30 Thursday Apr 2015

Posted by morselsandscraps in Cairns, photos

≈ 12 Comments

Tags

going home, weather

My North Queensland holiday is nearly over. It's time to drive my mighty campervan back to Cairns. But as always there are journeying pleasures.

On the outskirts of Cooktown is Kalkajaka (Black Mountain), a place of importance to the local Kuku Yalanji Aboriginal people, with a number of sites of religious significance. In the early morning light, the black rock (black from a covering of lichen) looks an almost eerie purple. The mountains are a tumble of rock, with very little vegetation, formed by an unusual jointing pattern millions of years ago. A narrow gorge carries rushing water, glimpsed as you cross a bridge.

The road is pretty empty, so I can slow down to take a photo through the windscreen, a rough orangey bluff ahead of me and the shadow of my van leading the way. I pass the anthills again, fascinated by their shape and their profusion. I turn off the Mulligan Highway and head down the mountain out of the savanna to the green of Mossman, which seems now like a town I know.
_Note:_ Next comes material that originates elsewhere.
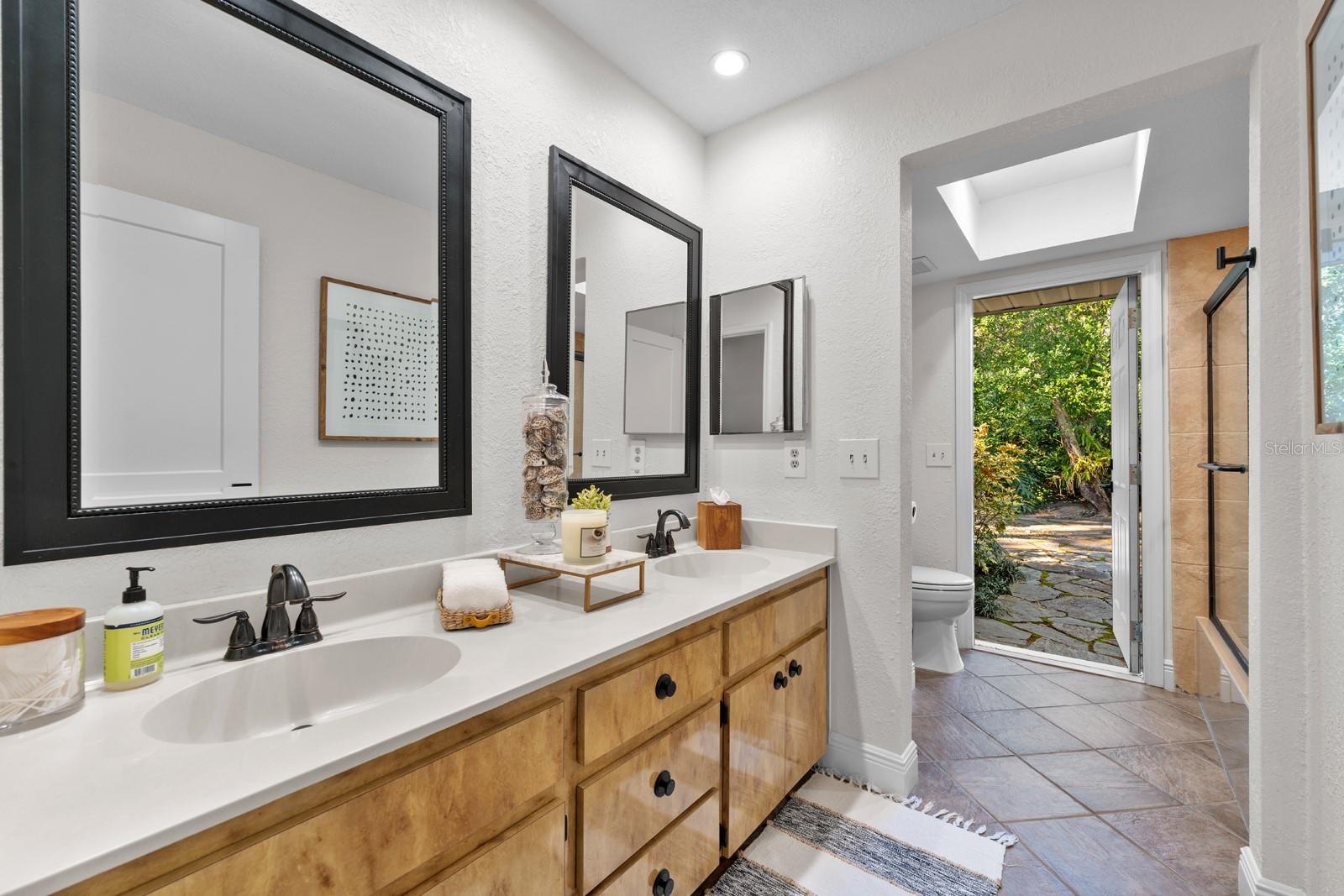 Image 21 of 33 For 2525 Laurelwood Lane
I indulge my penchant for photographing the murals on public lavatories.

The coast road back to Cairns is spectacular, with plenty of pull off spots for the camera. It fancies the blue-green of the water, the glimpse of islands and the receding headlands, and it's a bit startled by rocky beaches.

Too soon I'm handing over my companion van and heading for the airport. The flight back is a bit bumpy, and the landing a bit more so, but nothing too bad despite Sydney's cyclonic weather. The bus on the way down the coast leaves a wake to rival that on the reef catamaran, and the roadside has waterfalls, and fountains wherever there's an overtaxed stormwater drain. By the time I reach Potato Point, I'm anxious about washing with my minimal turnaround time before I head off to Warsaw.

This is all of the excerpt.